Transcribe the listing verbatim, please, with images dropped.

◆ Input data ◆
..............................
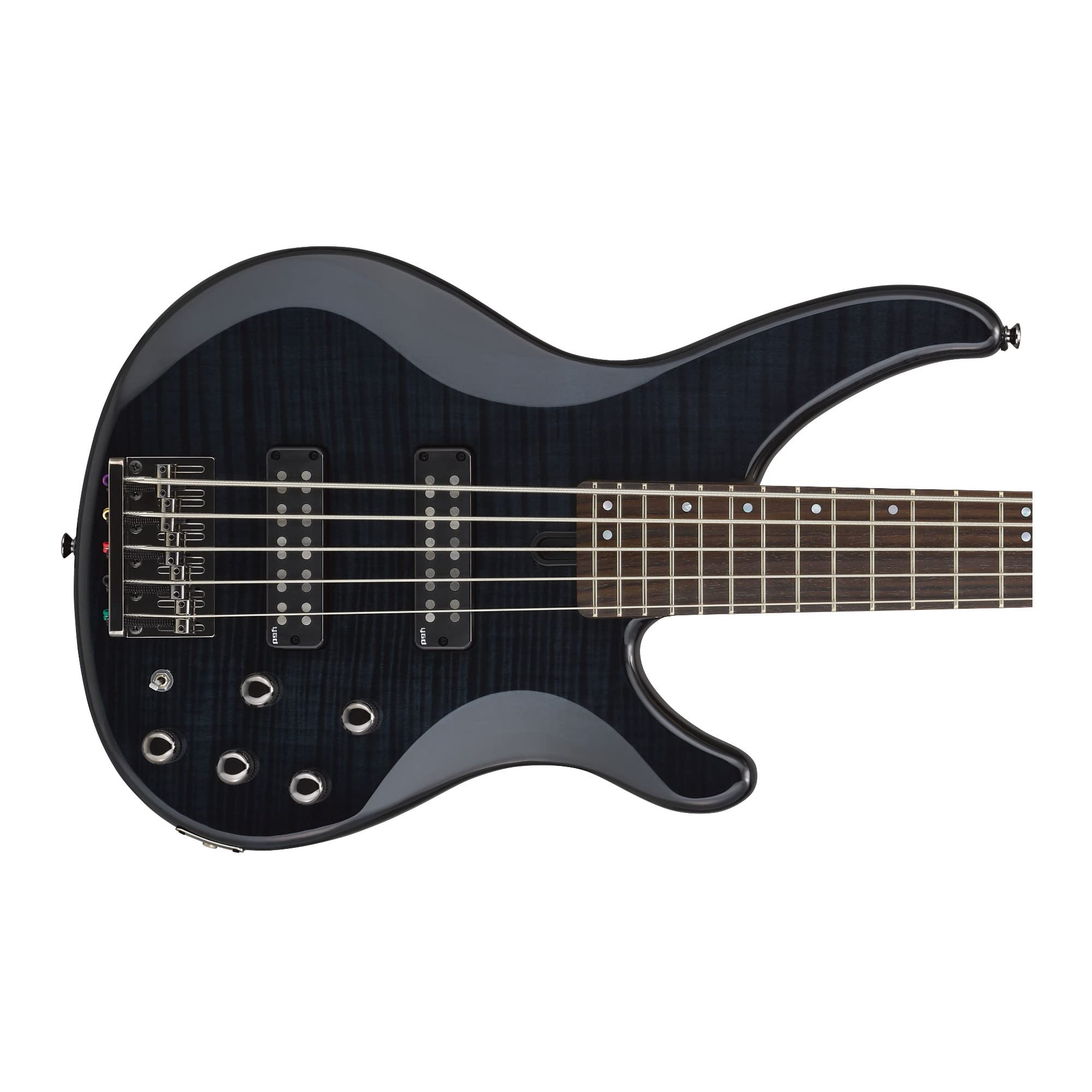 Yamaha Trbx605 5 String Flamed Maple Bass Guitar, Translucent Black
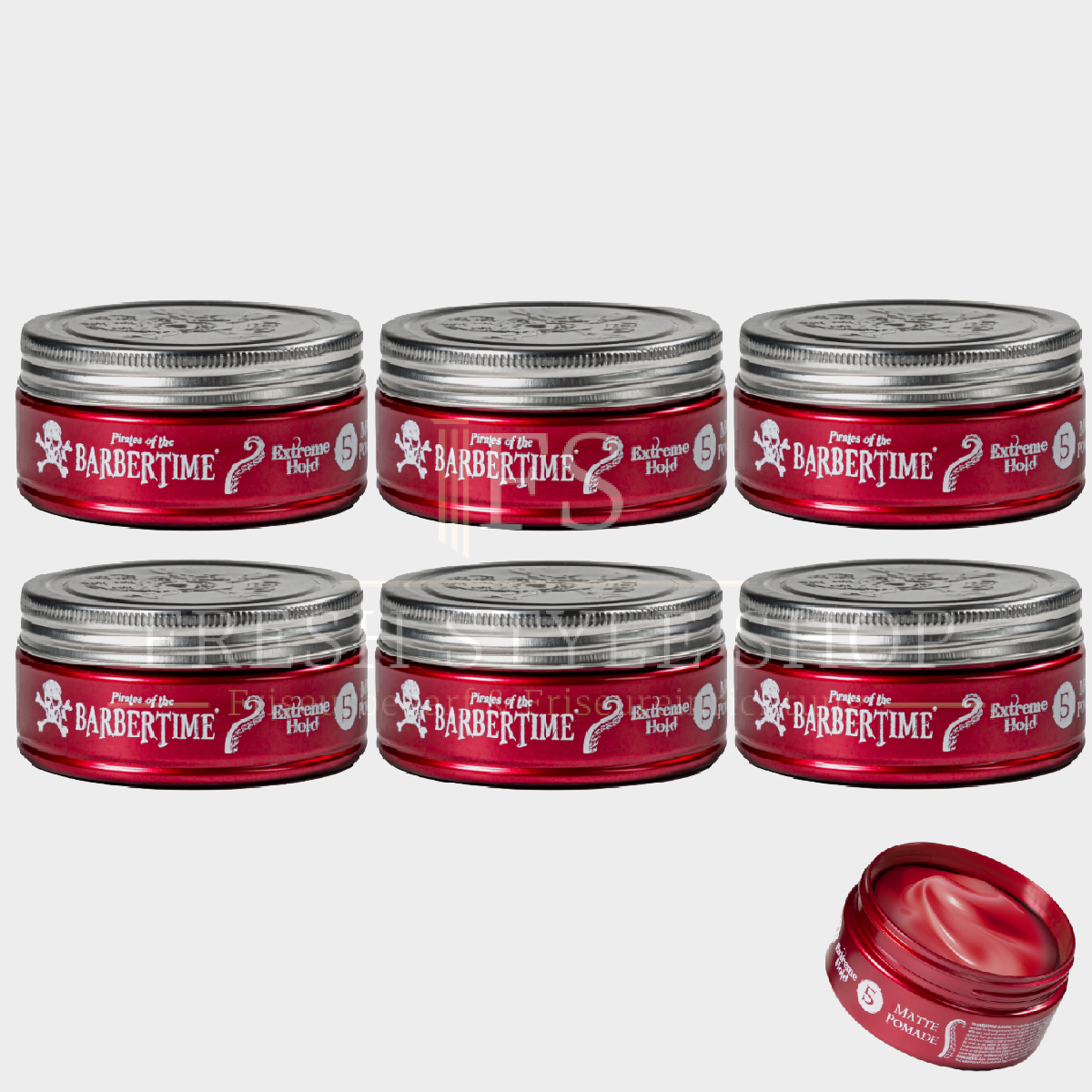 6er Pack Extreme Hold Matte Pomade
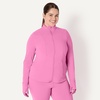 Amazon Essentials Women’s Active FormFlex Buttery Soft Slim Fit Quarter Zip Long Sleeve Pullover Jacket, Moisture Wicking(Pink)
..............................
◆ Your solution ◆
 Yamaha Trbx605 5 String Flamed Maple Bass Guitar, Translucent Black
 6er Pack Extreme Hold Matte Pomade
 Amazon Essentials Women’s Active FormFlex Buttery Soft Slim Fit Quarter Zip Long Sleeve Pullover Jacket, Moisture Wicking(Pink)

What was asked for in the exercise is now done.